Molene, located halfway, is the only inhabited one of those small islands. Ouessant has a bad reputation among sailors for the strong currents around the island, the unpredictable winds and the fog that often covers it. Although it is a dangerous area, Ouessant and its surrounding waters have been of strategic interest for centuries and today 50,000 ships pass through those waters every year. Until the 17th century Ouessant was only defended by some small watchtowers.

However, when plans for the overall defence of Brest were made the island became of more interest. It could be used as a harbour for a fleet to wait for the right time to attack ships in the Channel, or it could be a safe haven for passing ships, etc.

In the 1680s several plans were made by various engineers. Vauban'supervised some of them. One of the plans was to make a small harbour near the village of Lampaul with a fort located on the small island, called Korz, at the mouth of the harbour. Other plans were made for watchtowers and batteries on the island. In the end only one tower was made; the Stiff lighthouse. It was a tower of the same model as on Ile Tatihou, Cap Frehel and Ile des Hebihens.
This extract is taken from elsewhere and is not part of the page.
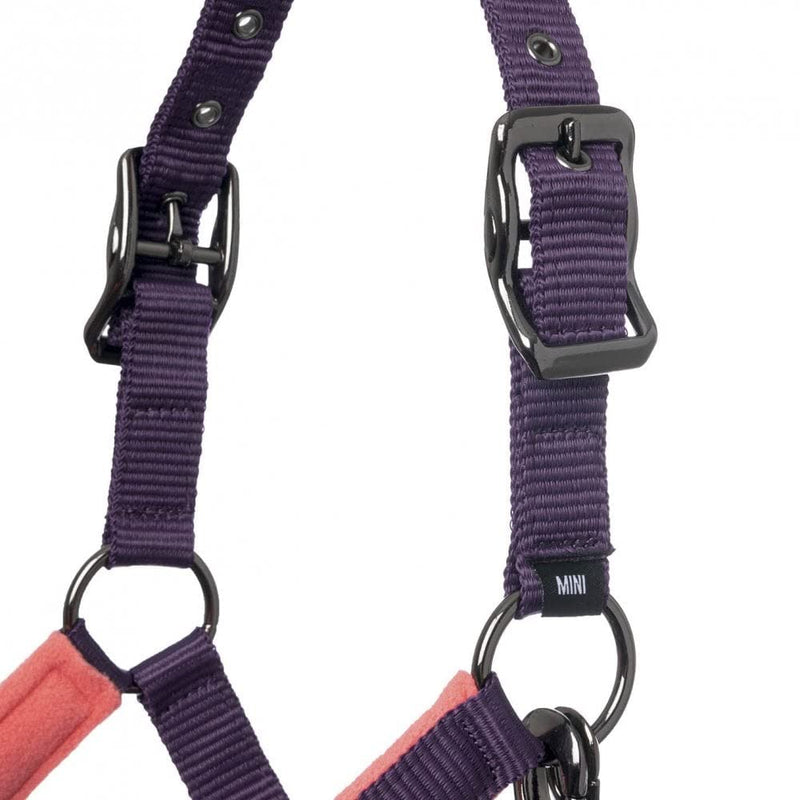 LeMieux Mini Vogue Fleece Pony Headcollar & Rope - Papaya - PawsPlanet Australia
It was in the form of two cone-shaped towers placed side by side, the small one holding the staircase and the bigger one holding the living quarters.
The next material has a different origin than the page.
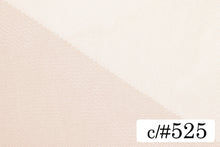 画像をギャラリービューアに読み込む, CS1001 ハイゲージチュール 525
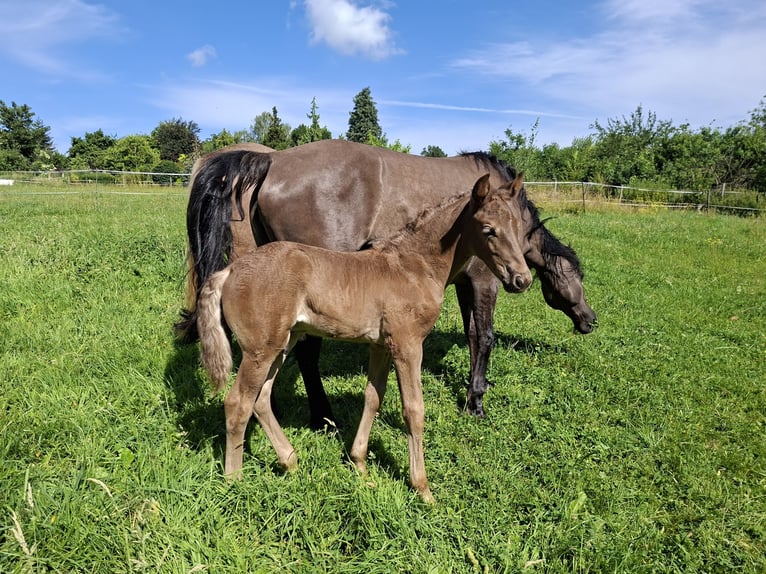 Rocky Mountain Horse Stallone Puledri (06/2026) 149 cm Morello in Genappe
Instead of a platform for cannon the tower is topped by a platform where the fire was lit. Of the towers of this type, the Ouessant tower is the highest at 30m. It is located on the highest point of the island (89m above sea level) from which whole island can be seen.

One of the main purposes of the tower was to watch out for enemy ships, mainly English ones. Ironically enough in the early days one of the combustibles used to light the fire of the tower was coal imported from England.

In those days the tower used about 16 tons of coal for one burning season, which lasted from October until March. The lighthouse was first lit in 1700, making it one of the oldest lighthouses in France. It is still in use today. Around the tower several small buildings are located.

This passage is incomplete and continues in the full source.